No one has yet mentioned the horrifying downside of Al Gore's having transferred his campaign headquarters from Washington to Nashville: Being "back home" in Tennessee only gives him that many more excuses to ponder his increasingly mythopoeic roots. True to form, while cutting the ribbon on his new Nashville headquarters on Oct. 6, the vice president waxed nostalgic. According to Ceci Connolly's account in the Washington Post, Gore told the audience that his "mother Pauline, celebrating her 87th birthday today, was raised at a time when 'poor girls were not supposed to dream.'" And when, exactly was that?

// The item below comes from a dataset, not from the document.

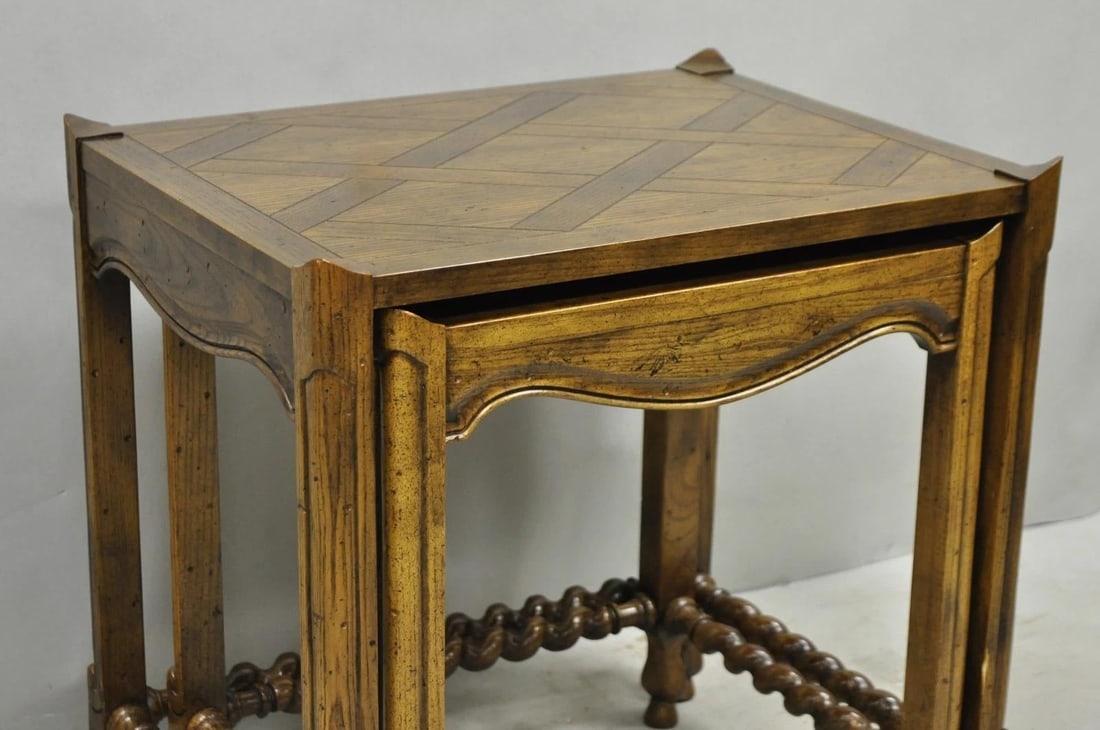 Vintage Baker Barley Twist Oak Parquetry Inlay Nesting Step Lamp Side Tables - 11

Reader Herbert J. Boothroyd of Weston, Mass., alerted THE SCRAPBOOK to an even more poignant version of this uplifting parable. According to the Weston Town Crier, when Gore was in Massachusetts in September, he related "the story of his mother's journey from a poor rural town in Tennessee to Nashville, where Mrs. Gore -- now 86 years old -- earned a law degree while waiting tables for 25 cent tips. It was during a time when women didn't even have the right to vote."

And when exactly was that? Gore's own state of Tennessee approved women's suffrage in August 1920, 79 years ago. So not only was Gore's mother an uppity dreamer, she must have been an exceptionally precocious law student, too. About eight years old.